During this period, a Malay sailor knocked on De Quincey’s door one day, presumably to beg. De Quincey allowed the Malay to take a nap on his floor and gave him some opium as a parting gift. He was shocked when the Malay immediately took all of the opium De Quincey gave him. Although the author thought the Malay would surely die, he seemed fine and De Quincey never heard about his body being found. The Malay would appear in De Quincey’s nightmares after he relapsed into heavy opium use.

The Pains of Opium

De Quincey forgoes chronological order in this section, and relates this period of his life instead as a series of events and impressions. As he increased his daily dose of laudanum, De Quincey became physically week and lost many of his intellectual faculties.
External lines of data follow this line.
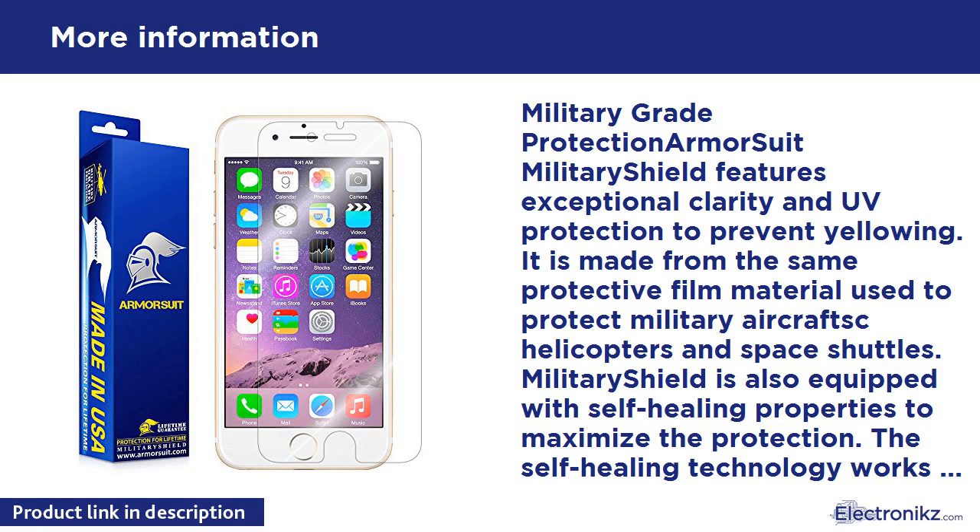It's designed to provide daily protection against scratches and reduce chances of damage to your screen from impact forces and drops. Best of all, kits are very easy to apply. Lifetime Replacement Warranty — if your Military Shield peels off, becomes scratched or damaged, or has installation flaws, we will gladly replace the product free of charge, no matter what the issue is.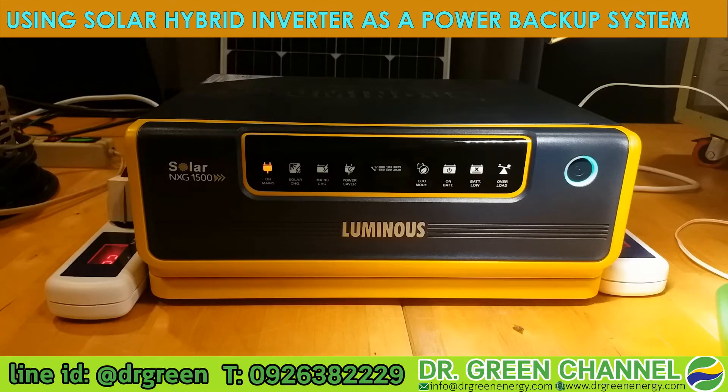Normally when the power is out, the light will just go off. This makes you inconvenient, especially if you are working — your computer and your printer will stop working. If your office appliances stop working, you cannot work. So this inverter is the solution.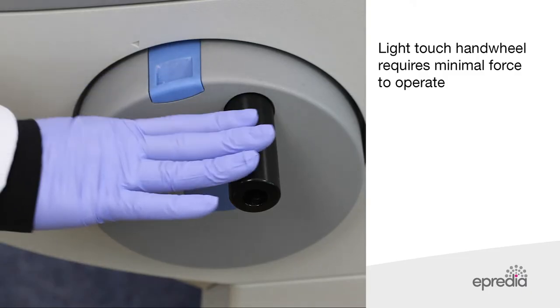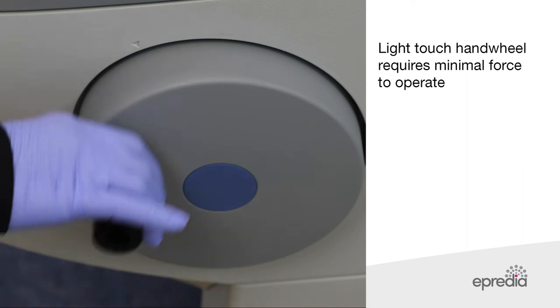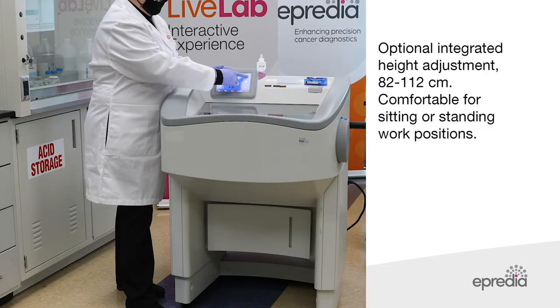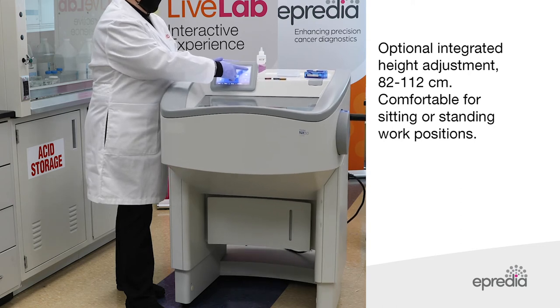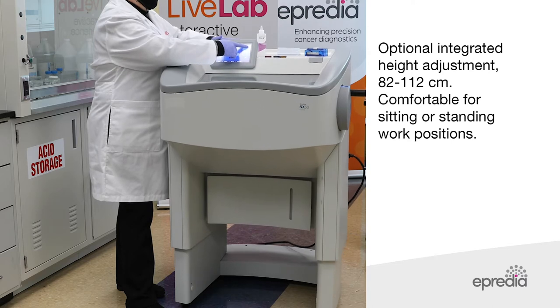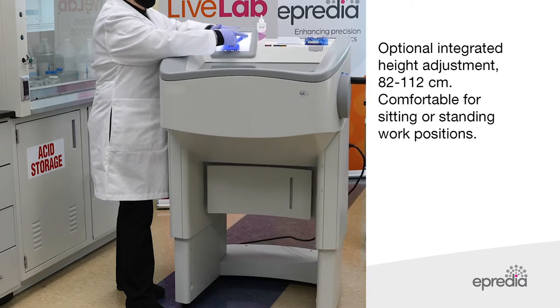The light touch handwheel requires minimal force to operate. The NX50 has optional integrated height adjustment which allows the user to work comfortably in either a standing or sitting work position with the touch of a button.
He entertained himself by reading aloud and studying political science and economics. The work of David Ricardo particularly impressed him, and even inspired him to write his own economic treatise. However, he was unable to do publish it because he could not motivate himself to write the preface and the dedication.
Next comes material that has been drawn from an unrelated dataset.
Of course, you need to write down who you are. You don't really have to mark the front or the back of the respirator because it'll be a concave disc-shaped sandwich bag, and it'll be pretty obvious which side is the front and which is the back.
De Quincey then began to experience hallucinations and vivid nightmares. He compares these to a set of plates by Giambatttista Piranesi called Dreams (the correct title is Imaginary Prisons). He often dreamt of lakes and worried this was a sign that his brain had dropsy. In May of 1818, De Quincey dreamt about the Malay. The dream is set in China, and in it, De Quincey is terrified of the intimidating foreign culture. A year later, he dreamt of visiting a child’s grave and of seeing Ann sitting on a stone. The setting changed to where he was walking with Ann through their old haunt, London’s Oxford Street. The most recent dream, from 1820, was a nightmare in which De Quincey is surrounded by a chorus of loud music that evokes the “caves of hell” and “everlasting farewells” (77). Shortly after this, De Quincey realized that he would die if he did not decrease his opium use, and he did so despite very painful withdrawals. He wishes other addicts luck in quitting. He still suffers from many misfortunes, and still experiences opium nightmares.